# Khemosabi granddaughter "Rizzo"



## TruckingCowgirl (Nov 17, 2013)

Wow really pretty. Real nice head and such great eyes!


----------



## waresbear (Jun 18, 2011)

Sigh* Love!


----------



## lilruffian (Jun 28, 2010)

Beautiful little mare


----------



## Bird08 (Jun 24, 2011)

Thanks everyone  She's very sweet!


----------



## aureliusandoinky (Nov 28, 2013)

Wow, she's beautiful! Khemosabi's are really wonderful. My Khemo grandson is an absolute puppy.


----------



## Bird08 (Jun 24, 2011)

aureliusandoinky said:


> Wow, she's beautiful! Khemosabi's are really wonderful. My Khemo grandson is an absolute puppy.

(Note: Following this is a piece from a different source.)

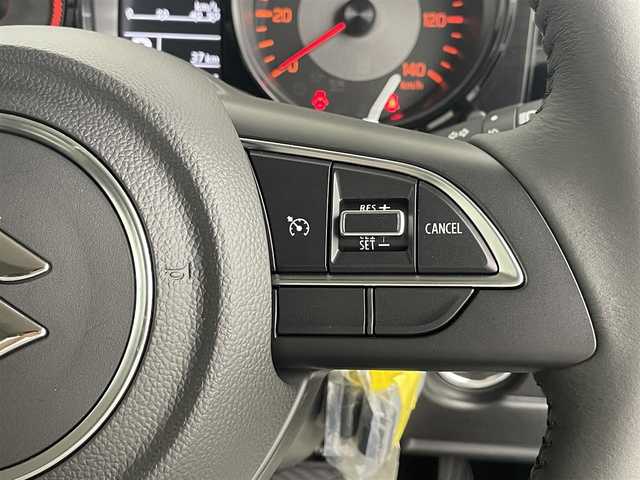スズキ ジムニー XC 埼玉県 2025(令7)年 0.1万km未満 ミディアムグレー ・届出済未使用車/・パートタイム4WD/・デュアルセンサーブレーキサポート/・シートヒーター /・スマートキー/・プッシュスタート/・オートLEDヘッドライト/・電動格納ミラー/・純正１６インチアルミホール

Rizzo is very much a "sit in your lap" type of horse. It must be a Khemo thing....


----------



## Dreamcatcher Arabians (Nov 14, 2010)

I also have a Khemo granddaughter. She's adorable and very sweet too. California Barbie Arabian










California Barbie right after we brought her home. She belonged to a friend of mine who passed away. We're working on the weight, she's gotten quite a bit lighter and her crest is smaller.


----------



## windysmontessa (Jan 4, 2014)

what a sweet girl! I love her!!! My neighbor has a Khemosabi granddaughter that came from al marah. she looks a lot like your mare--i'll see if i can find a pic of her.


----------



## Bird08 (Jun 24, 2011)

Dream catcher-California Barbie looks like she was well taken care of  it's nice to see one that's too chunky vs. too thin! She's quite a doll. 
Windy-I'd love to see a photo, do share of you can!


----------



## SEAmom (Jan 8, 2011)

I love Khemo offspring. I don't think I've ever seen one I didn't like. They such wonderful dispositions and I love their build/motion. Enjoy your beautiful girl!
_Posted via Mobile Device_


----------



## Bird08 (Jun 24, 2011)

SEAmom said:


> I love Khemo offspring. I don't think I've ever seen one I didn't like. They such wonderful dispositions and I love their build/motion. Enjoy your beautiful girl!
> _Posted via Mobile Device_


You know, I haven't decided which way I'll go with her, discipline wise. She's got a very slow lazy jog yet when asked can have a big trot. She might do well as a little western horse, maybe even endurance. Who knows!? 
_Posted via Mobile Device_


----------



## morganarab94 (May 16, 2013)

So pretty!


----------



## MysticTrev (Oct 2, 2013)

Such a beautiful lady


----------



## aureliusandoinky (Nov 28, 2013)

That's funny that you say her trot is very lazy, because my Khemo is just like that! His trot is so slow compared to my other Arabian, so much so that I call him Ol' Reliable.


----------



## Inga (Sep 11, 2012)

Agreed! I have worked with several Khemo horses over the years and each of them had a very laid back way about them. Even the stallions were easy going and as reliable as a stallion could be. Very nice horses. Khemo really stamped his foals.


----------



## Cacowgirl (Feb 19, 2011)

I had my Khemo granddaughter for 17 years. She was a great ride, but unless you were a child, you didn't want to let your guard down-she could really move fast when she wanted to!


----------



## n2sporthorses (Dec 16, 2013)

Your mare has such a lovely, typey head!!! I so loved Khemosabi!!!


----------



## Zexious (Aug 2, 2013)

aureliusandoinky--He has a beautiful face.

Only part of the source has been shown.